The firefighters were able to contain to keep the fire from spreading further through the forests’ 4,000-plus hectares of mostly beeches and oaks, some of which are over 200 years old.

The cause of the fire remains unknown, with Derieuw saying that it was likely sparked by a “careless passerby’s cigarette butt.”

Urban habits

Throughout the lockdown brought on by the coronavirus pandemic, park rangers have warned that the forest’s ecosystem was being damaged as urban residents flocked to the woods in “unprecedented” numbers.

“We have never seen so many people, in 17 years in the profession, I have never seen anything like this,” Willy Van De Velde of Bruxelles Environnement said.

Van De Velde said that the city dwellers were often unaware of how people should act in a forest and brought “their own habits” into the woods, stomping on early spring blooms as they strayed from paths or leaving behind abandoned fire camps.

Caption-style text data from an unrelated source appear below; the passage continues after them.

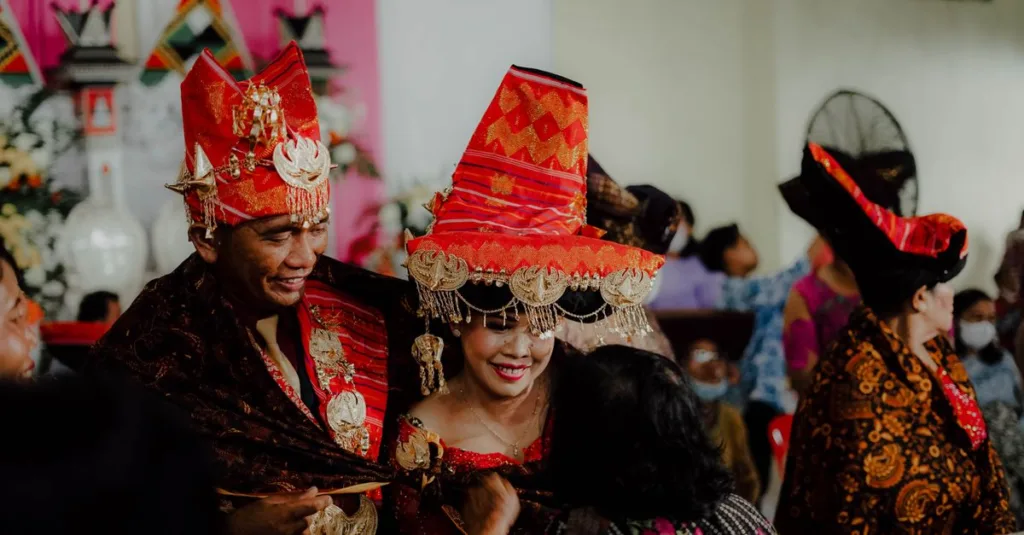 Momen bahagia selama pernikahan tradisional Indonesia dengan pakaian dan dekorasi budaya.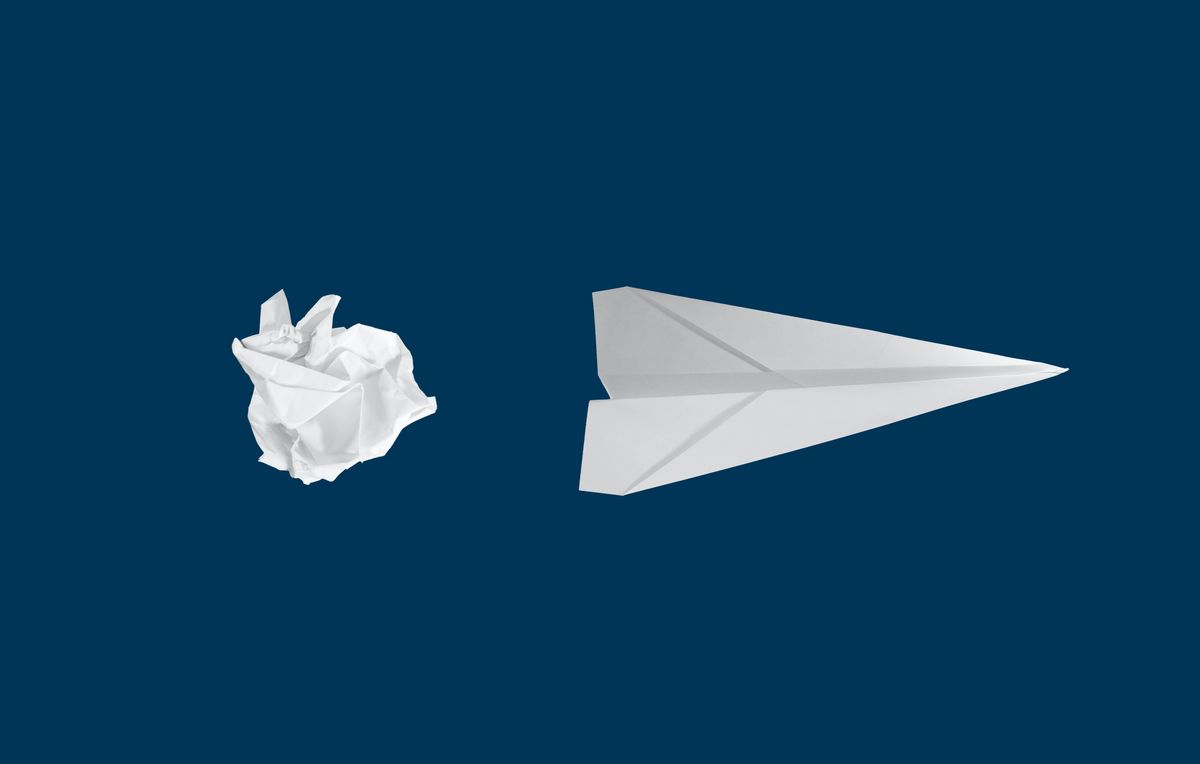 Zerknülltes Papier und ein Papierflieger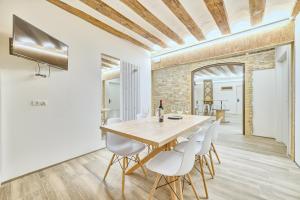 a dining room with a wooden table and white chairs at Casa Bidaiari by Clabao in Pamplona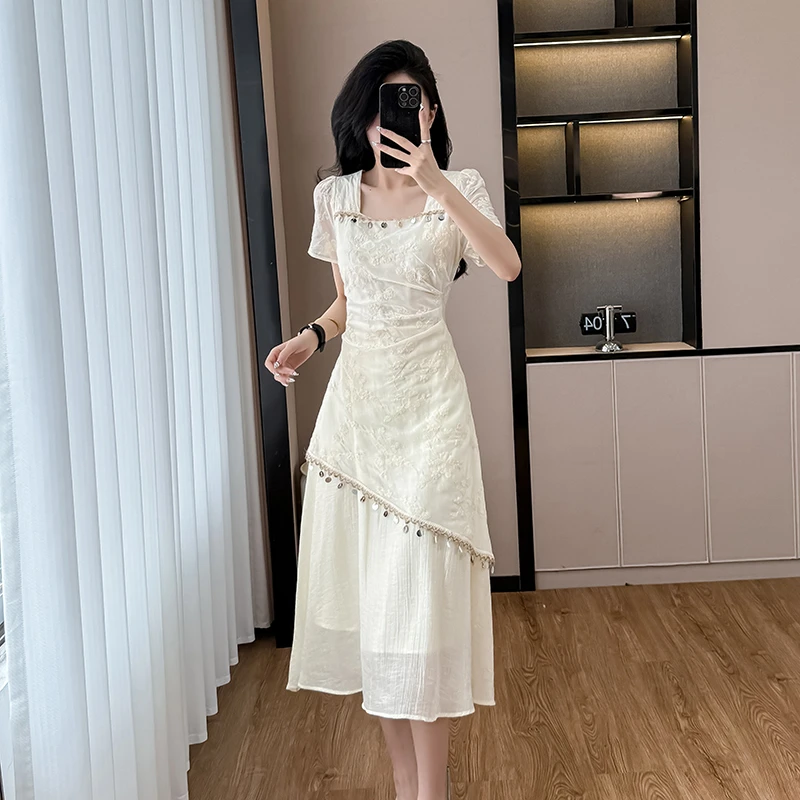 法式轻熟风流苏短袖连衣裙女2025夏季新款设计感拼接长裙收腰显瘦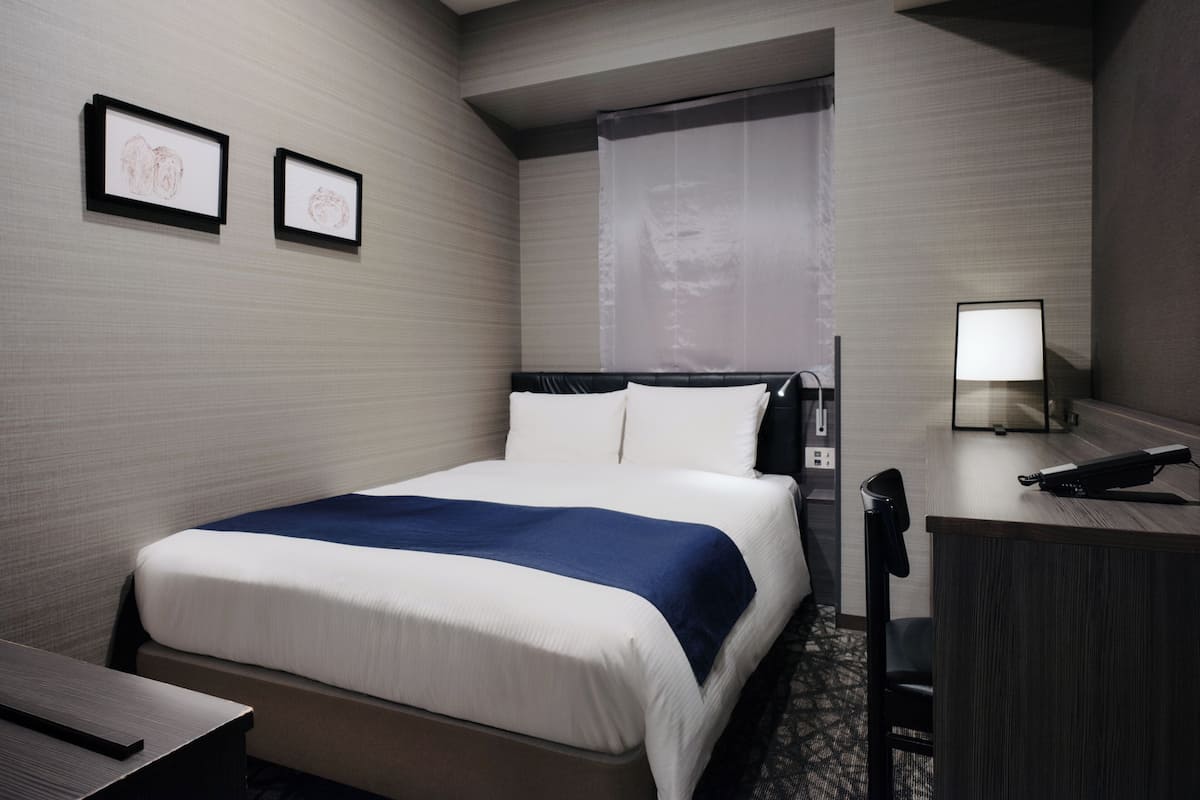 A hotel room with a bed, a desk, a chair, a lamp, and two framed pictures on the wall.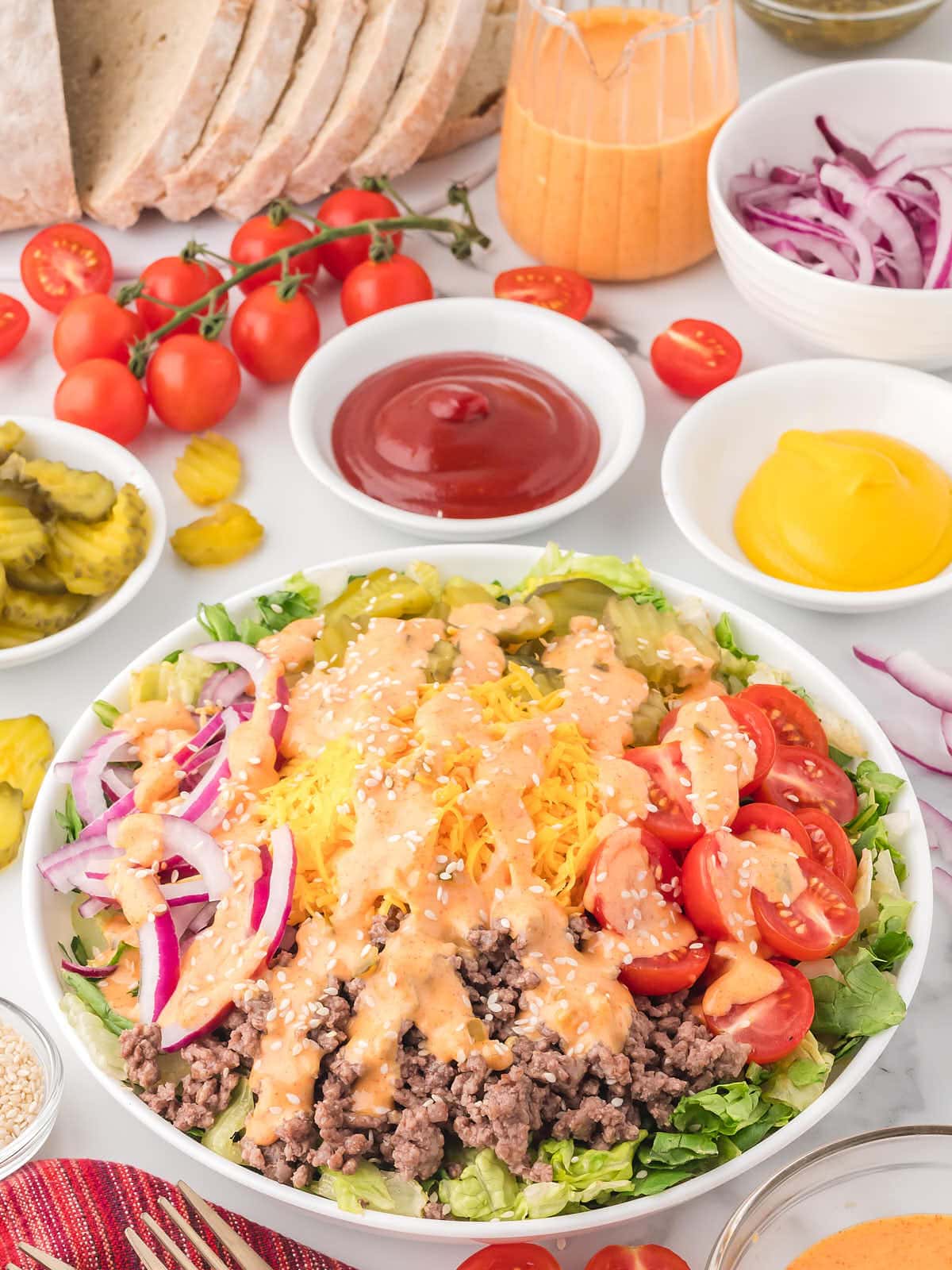Big Mac Salad in a white bowl drizzled with dressing. 
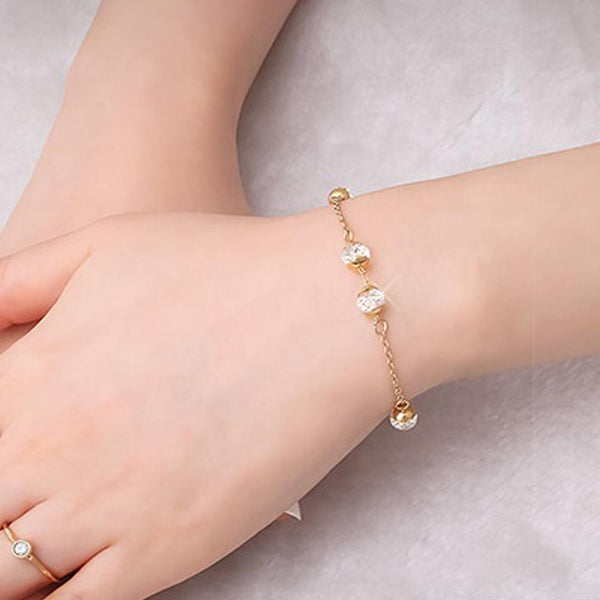 Gold bracelet with small beads on a wrist against a neutral background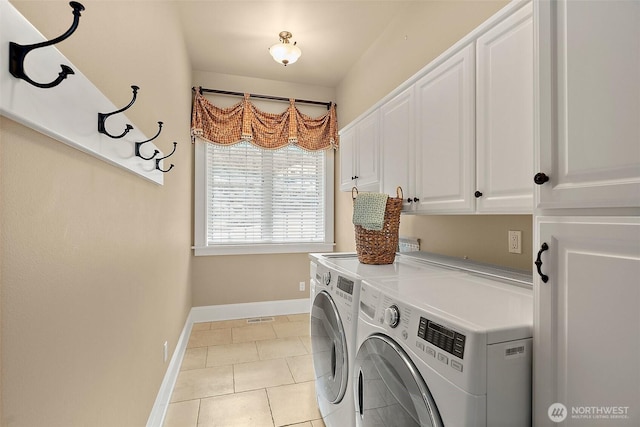 laundry area featuring visible vents, baseboards, washer and clothes dryer, light tile patterned floors, and cabinet space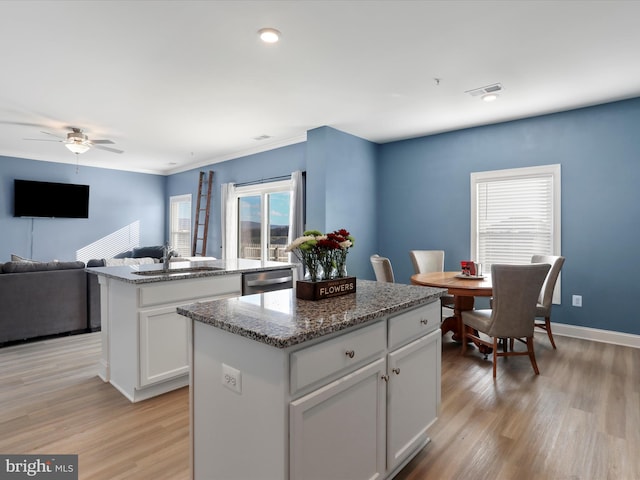 kitchen with a sink, light wood finished floors, stainless steel dishwasher, and a kitchen island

Damages caused by fires has also been a persistent problem throughout the lockdown, as people took to the forest to barbecue under the sunny weather.

“Since the start of the good weather, it’s been at least once a month,” Van De Velde Said. “It was very likely people barbecuing, we found drink cans and rolling paper on the site.”

“In 17 years, we have called the firefighters around four or five times, but at this time, we have already had to call them twice in 48 hours,” he said, stressing that one small fire lit by barbecuers ended up spreading well beyond where it was lit.

Gabriela Galindo
The Brussels Times

Correction: This article has been amended to reflect a correction issued by the Brussels fire department after publication. The department said that 1,000 square meters had been damaged by the fire, not 100 as they had originally reported.